The diffuse gastric mural mass in conjunction with regional lymphadenopathy and bicavitary effusion made the primary differential diagnoses gastric lymphoma or mastocytosis, followed by gastric adenocarcinoma or atypical leiomyosarcoma with metastatic and infiltrative lymphadenopathy. Granulomatous disease with reactive lymphadenopathy could not be ruled out without further diagnostic testing. The pleural and peritoneal effusions could represent an effusion of malignancy or inflammation, or could be secondary to hypoproteinemia. The diffuse bronchial pattern could represent chronic small airway disease or infiltrative neoplasia, such as lymphoma.
Treatment and Outcome
Results of cytologic evaluation of a fine needle aspirate of the mural mass and presumed lymph node confirmed the diagnosis of lymphoma. The owners elected palliative treatment with corticosteroids. The cat was euthanized 2 weeks later.
Comments
Lymphoma is the most common gastric tumor in cats.1 Common clinical signs include vomiting, weight loss, inappetence, and lethargy, and anemia is a common laboratory finding.1,2 A palpable abdominal mass is uncommon, and often the only ultrasonographic evidence of gastric lymphoma is an abnormality in the stomach wall, such as wall thickening and loss of the normal layering appearance, especially in the pyloric region.1–3 The origin of an abdominal mass is rarely revealed by palpation of the mass or on evaluation of regular survey radiographs because luminal fluid can mimic gastric and intestinal wall thickening. Therefore, ultrasonography is the diagnostic modality of choice for localizing and characterizing intra-abdominal masses.4 The case described in the present report is noteworthy in that the palpable mass was easily identified on radiographs as gastric in origin because of intraluminal gas within the stomach and duodenum causing a consistently irregular contour of the luminal wall in the ventrodorsal and both lateral radiographic views. This emphasizes the importance of obtaining both right and left lateral images for abdominal radiographic studies as the gas redistributes in the different areas of the stomach on the basis of laterality. In the cat of the present report, the gas redistribution, combined with the diffuse irregularity of the luminal and outer wall surfaces, allowed for the radiographic diagnosis of gastric wall thickening. Although ultrasonographic findings confirmed the presence of a gastric mural mass and allowed for guided tissue sampling to achieve a definitive diagnosis, the radiographic appearance of the stomach alone could have led to a similar outcome without pursuing further diagnostic testing in the cat of the present report.
References
1. Marolf AJ, Bachand AM, Sharber J, et al. Comparison of endoscopy and sonography findings in dogs and cats with histologically confirmed gastric neoplasia. J Small Anim Pract 2015;56:339–344.

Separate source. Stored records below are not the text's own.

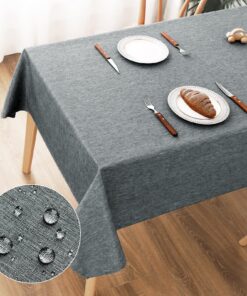 AooHome Abwaschbare Graue Tischdecken 100x140cm - Dauerhaft Kratzfest & Wasserabweisend für Wohn- & Esszimmer sowie Balk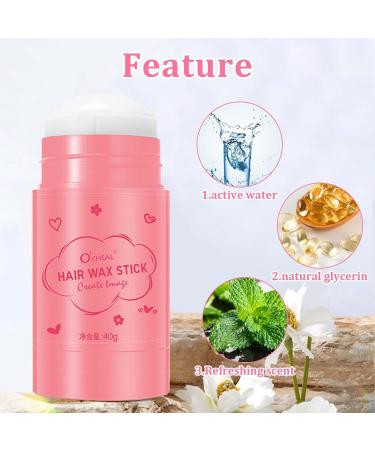 Hair Wax Stick with 2 Styling Sticks Long Lasting Styling Wax Stick For Hair Non-greasy Wax Stick For Hair Suitable For Smoothing Frizzy Hair Womens for Flyaways Hair Styling Bangs Styling Pink - Buy Online on GoSupps.com
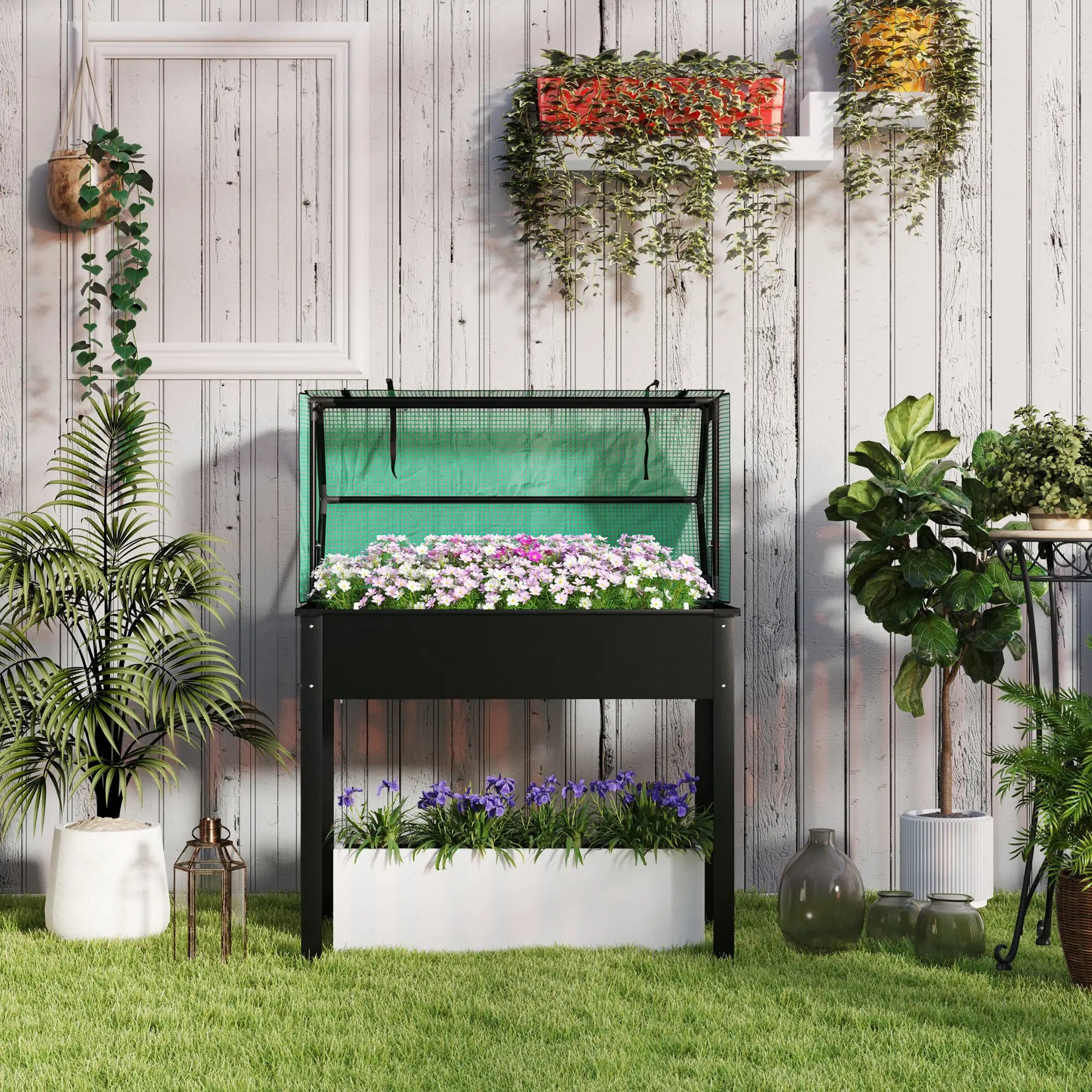 Raised Garden Bed Planter With PE Cover, Elevated Box With Drainage, Black Raised Garden Beds at Gallery Canada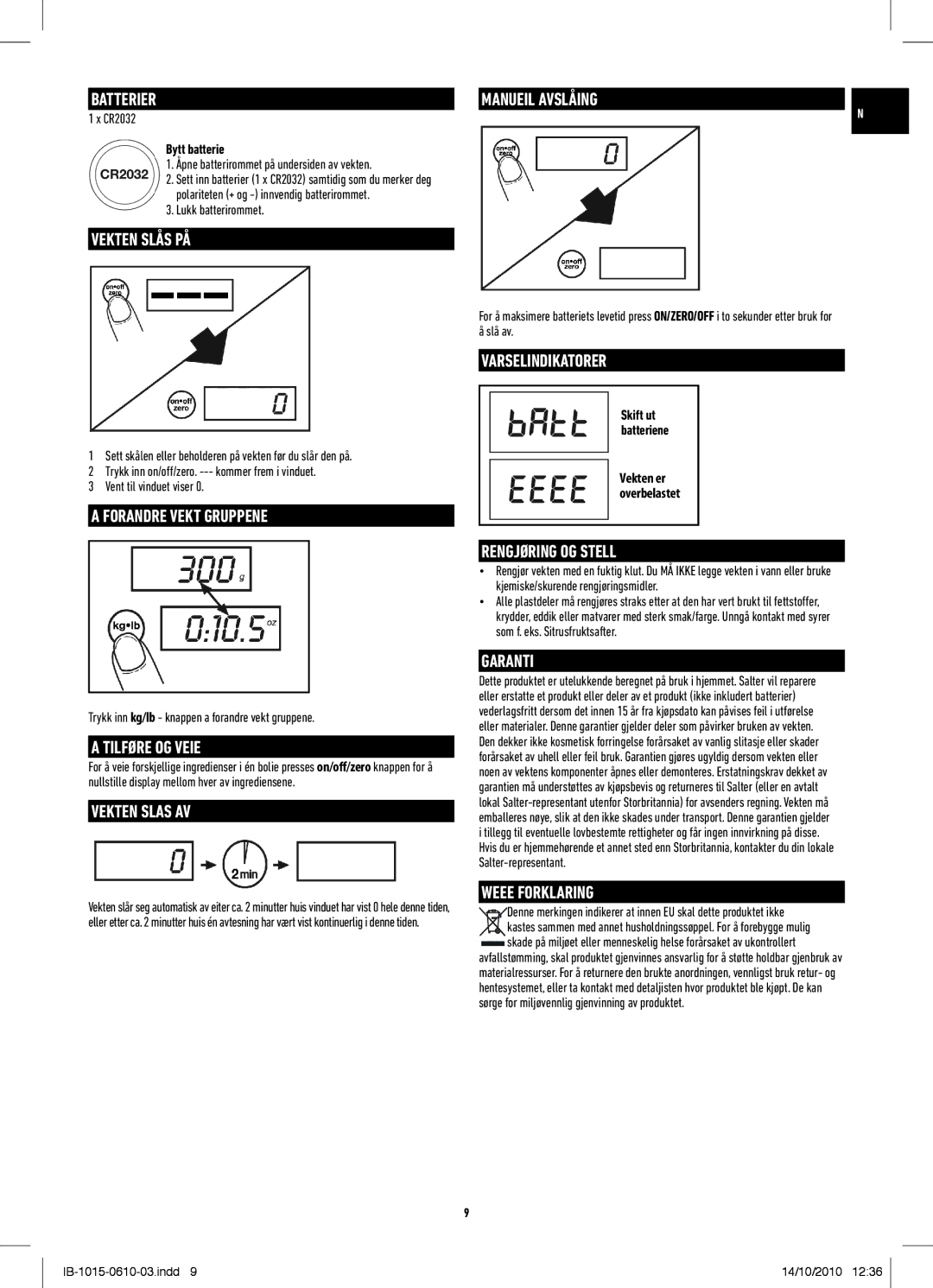 Salter Housewares IB-1015-0610-03 manual Varselindikatorer, Garanti 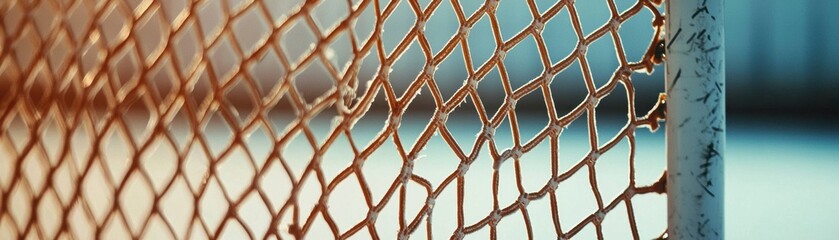 Fototapeta premium A close-up of a rusted metal fence, showcasing intricate patterns of the mesh against a blurred background.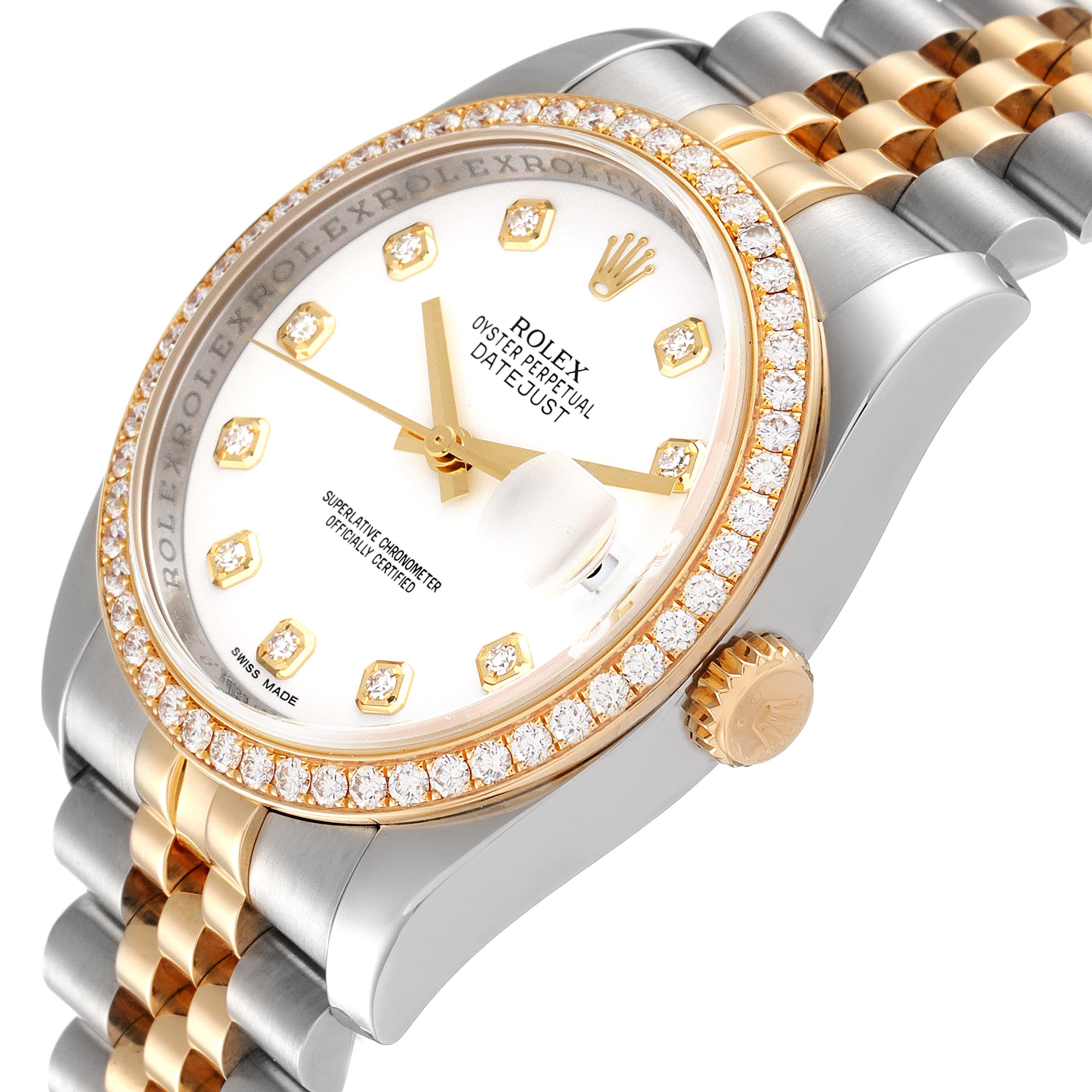 Rolex Datejust Steel Yellow Gold White Diamond Dial Mens Watch 116243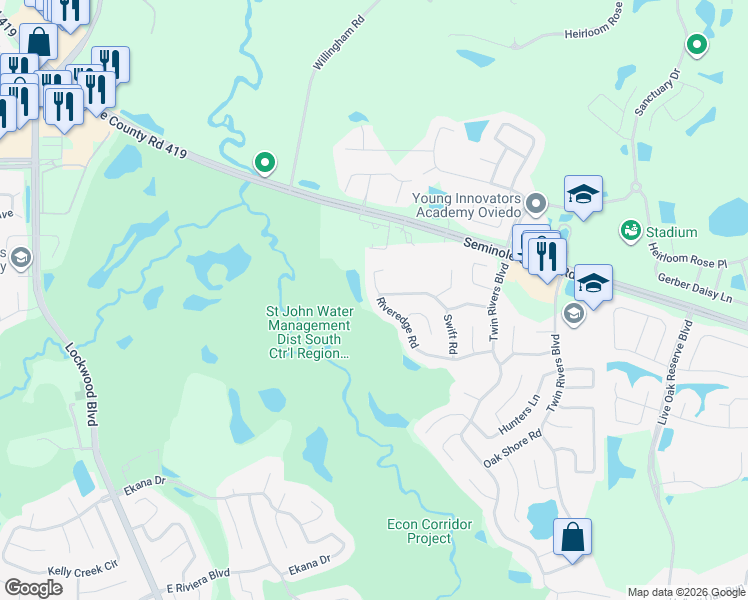 map of restaurants, bars, coffee shops, grocery stores, and more near 1925 Aquarius Court in Oviedo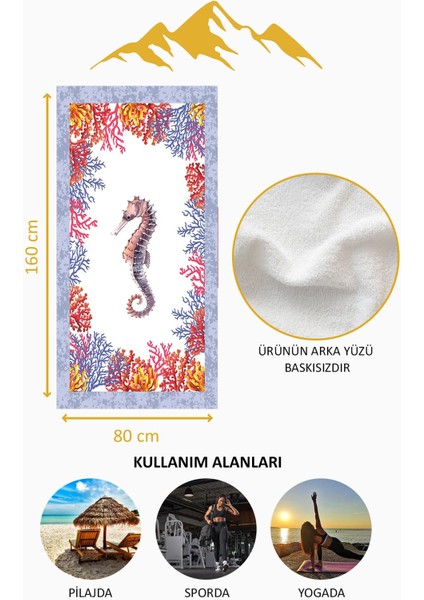 Dijital Baskı Plaj Deniz Havlusu Deniz Atı Desenli Peştamal HVL0110 fırsatları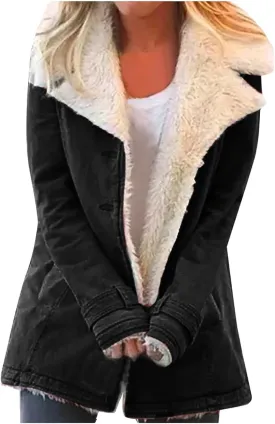 Women Warm Winter Jacket Sherpa Fleece Lined Jacket Thick Parka Coat Outerwear Fashion Plus Size Overcoat Fleece Lined Denim Jackets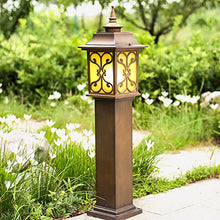 KADELONG Antique Glass Lawn Lights E27 1-Light Waterproof Yard Lamps V-intage Villa Garden Exterior Path Lights - Landscape Deck Pathway Floor Mount Lighting Fixture H30.73in,Chandelier Lighting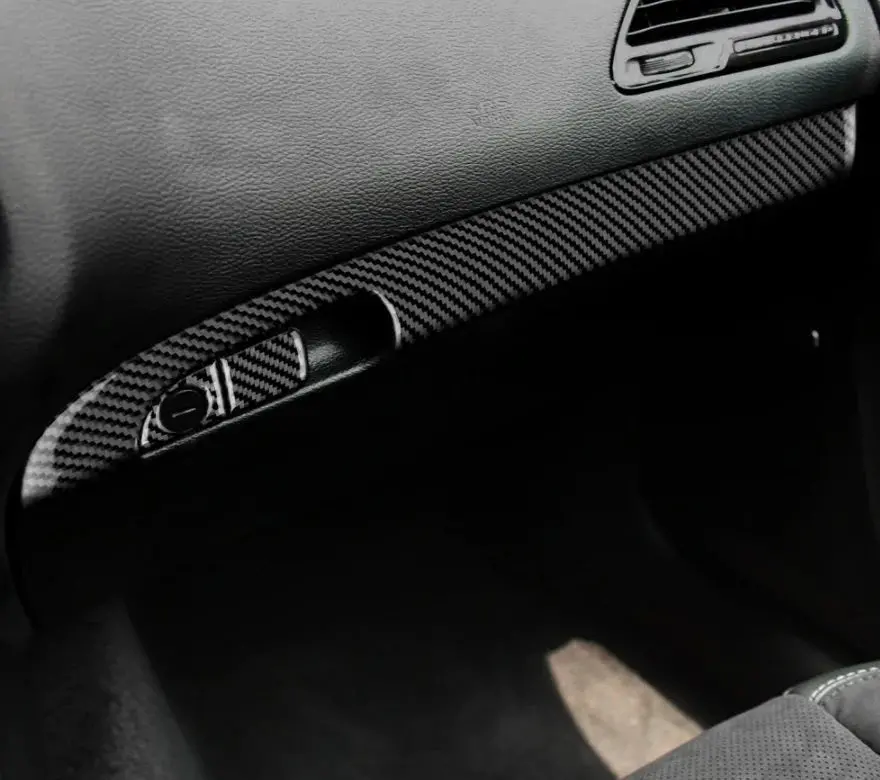 Dynacarbon 3 Piece Carbon Fiber Glove Box Handle Full Strip Kit 2015-2023 Challenger 1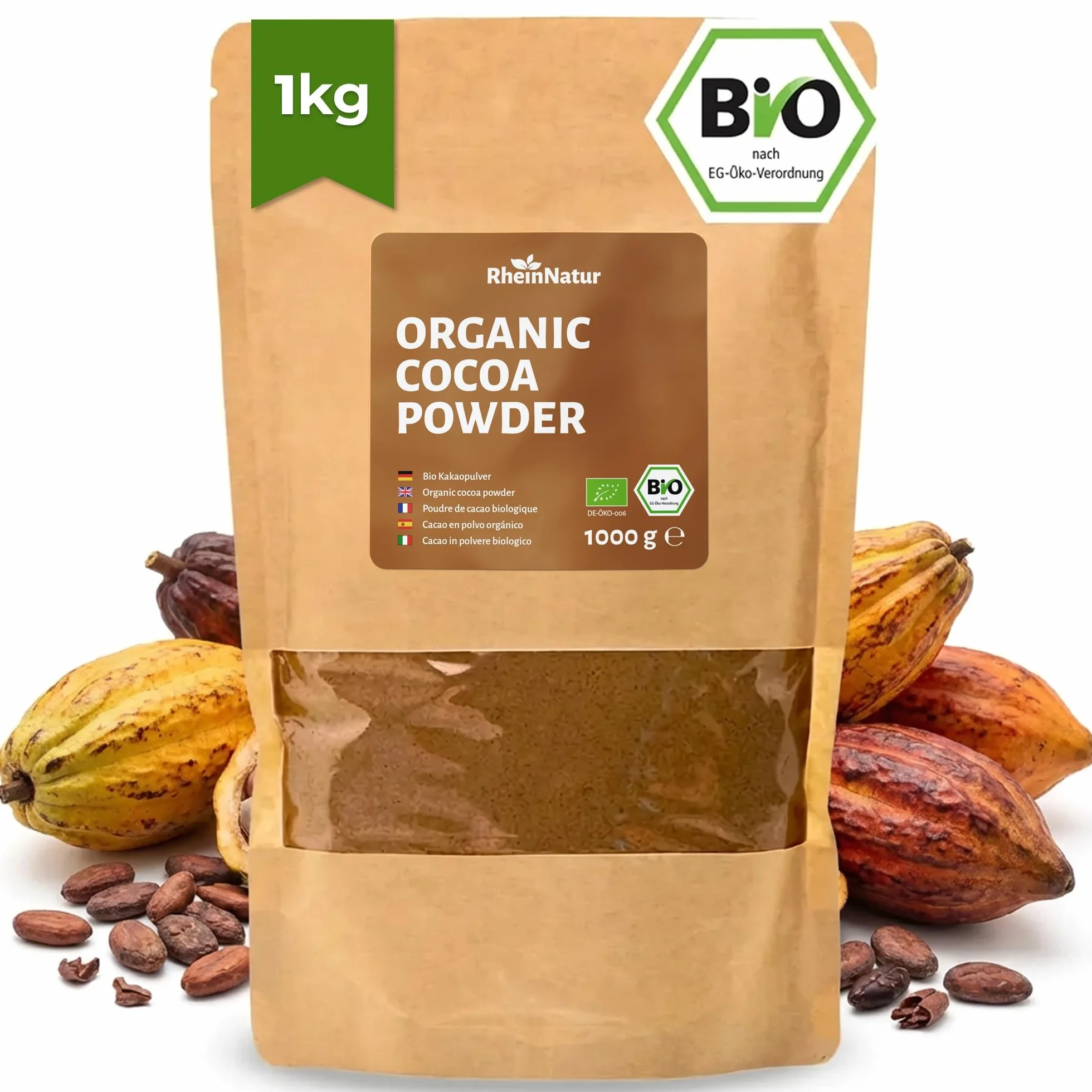 Cacao en polvo orgánico RheinNatur 1 kg – 100% puro, sin azúcar, ideal para hornear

2. Gustafson TL, Villamil A, Taylor B, et al. A retrospective study of feline gastric lymphoma in 16 chemotherapy-treated cats. J Am Anim Hosp Assoc 2014;50:46–52.
3. Pennick DG, Nyland TG, Kerr LY, et al. Ultrasonographic evaluation of gastrointestinal disease in small animals. Vet Radiol 1990;31:134–141.
4. Grooters AM, Biller DS, Ward H, et al. Ultrasonographic appearance of feline alimentary lymphoma. Vet Radiol Ultrasound 1994;35:468–472.